On 30/03/2010 20:33, Arthur Corliss wrote:
On Tue, 30 Mar 2010, Matija Grabnar wrote:
Er, not exactly. Read
http://www.cvsup.org/howsofast.html
I had read http://www.cvsup.org/faq.html#features item #3.
From what I can see, cvsup uses the rsync algorithm on a file-by-file
basis (it uses just the differential send part of the rsync
algorithm). It doesn't rsync the whole tree, which was what I
understood to be the original problem (wasn't the complaint about the
flood of stats?).
Sounds like I may have interpreted the FAQ incorrectly, then. Thanks for
pointing that out. I have a few question, though: the explanation says:
"At the same time, the Tree Differ generates a list of the server's
files."
That seems to infer that it's doing the exact same thing as rsync, so
all the stats are still present on the server, right?
Nowhere do I see it mentioning that the daemon is maintaining state between
requests.

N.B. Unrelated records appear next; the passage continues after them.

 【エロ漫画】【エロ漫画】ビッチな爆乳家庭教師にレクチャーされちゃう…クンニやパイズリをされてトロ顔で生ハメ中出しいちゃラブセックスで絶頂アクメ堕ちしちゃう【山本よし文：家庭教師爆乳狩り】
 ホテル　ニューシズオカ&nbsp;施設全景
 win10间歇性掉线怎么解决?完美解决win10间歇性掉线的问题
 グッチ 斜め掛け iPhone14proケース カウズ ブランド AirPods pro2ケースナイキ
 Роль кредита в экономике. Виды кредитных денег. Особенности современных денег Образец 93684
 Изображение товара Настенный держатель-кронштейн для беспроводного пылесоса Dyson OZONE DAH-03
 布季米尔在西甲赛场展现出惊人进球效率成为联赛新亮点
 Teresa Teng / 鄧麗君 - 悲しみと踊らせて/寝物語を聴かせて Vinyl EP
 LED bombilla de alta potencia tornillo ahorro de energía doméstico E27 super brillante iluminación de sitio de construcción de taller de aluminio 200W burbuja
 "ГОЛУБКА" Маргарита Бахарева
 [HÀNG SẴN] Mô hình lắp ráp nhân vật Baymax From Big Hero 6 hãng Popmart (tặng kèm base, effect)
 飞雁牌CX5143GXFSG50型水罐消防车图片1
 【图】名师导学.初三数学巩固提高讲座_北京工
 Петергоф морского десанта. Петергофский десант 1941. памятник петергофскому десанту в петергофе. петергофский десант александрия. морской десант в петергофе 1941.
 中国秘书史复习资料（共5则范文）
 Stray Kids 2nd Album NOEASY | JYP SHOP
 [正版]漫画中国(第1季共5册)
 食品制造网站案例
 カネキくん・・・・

The primary speed-ups (beyond special file update handling) is
better use of bidirectional bandwidth.
Well I do know the client has a .sup file that runs into the dozens of
megabytes for each kernel tree you track.
If you want to avoid a stat storm you are going to trade stats for disk
space, by way of a cache. And that may be what these sup files are, but
it may also be a red herring (they look like CVS descriptors).
I've never dived into the protocol. The fact that the client is written
in Modula-3 scares me.
Do you have access to a cvsup server so you can verify its behavior?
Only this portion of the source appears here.